Saturday, July 06, 2013

Those Who Have Gone Before

Today would have been my mother's 72nd birthday.  This is a picture of her, my grandfather, and my Uncle Larry.  I'm not sure when it was taken.  I found it in a bunch of her stuff I was going through.


None of them are with us any more.  Larry passed away about six months before Mom did.  It was kind of sudden.  Mom passed in 2010.  We just buried my grandfather on Tuesday.  My family is getting smaller.  I know it's supposed to happen, but it's still disconcerting.  I am now the oldest member of this particular branch of the family tree.  There's nothing that prepares you to have that thought.

I know that's what my Uncle Mike is feeling right now, too.

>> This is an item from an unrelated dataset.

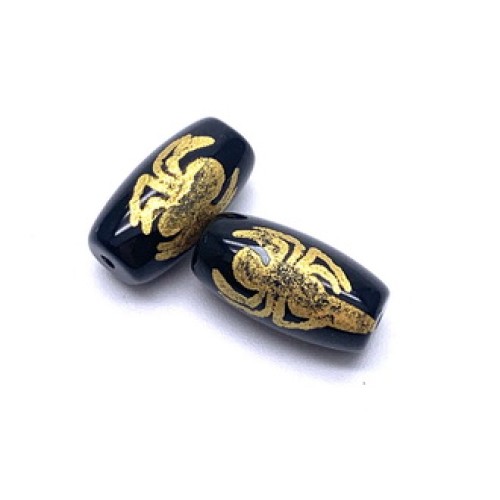 Бусина Дзи "555", агат, Паук, размер 18х10 мм, цена за 1 шт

When my great-grandparents died in the late eighties, I remember thinking that, because they died in their late 90's, I'd have a long time to spend with my family.  After all, my mother had over 40 years with her grandparents, and my grandmother had her parents in her life for over seven decades.  It was comforting to come from a long-lived line.

It was not even ten years later when my grandmother died, blowing that idea out of the water.  I am the oldest grandchild, and she and I were quite close.  At the time, I thought it wasn't fair that I didn't get nearly as much time with my grandmother as my mother had with hers.  I was barely in my thirties!  It was only later that I realized my mother had much less time with her mother as well.  She died rather suddenly, and it was a loss that still affects me in some ways.

My father died at 75, but my mother was in her late sixties.  Again, I got a lot less time with them than prior generations in my family had with their predecessors.  In fact, it was actually kind of disturbing:  from late 90's (my great-grandparents) to 80's (my grandmother) down to late 60's (my mother).  It seems like each generation was getting less and less time!

My grandfather passed away at home, which is what he wanted.  I'm glad he was able to do that.  He made it into his 90's, so he kind of restored the longevity of our family.  He also still had all that hair when he died.  That kind of gives me hope.

I was privileged to be at the bedside of both my parents as they passed.  I got to have a private, final moment with both of them.  As much as I wish that those passings had not happened, I am thankful that I got to be there.  I got to say good-bye.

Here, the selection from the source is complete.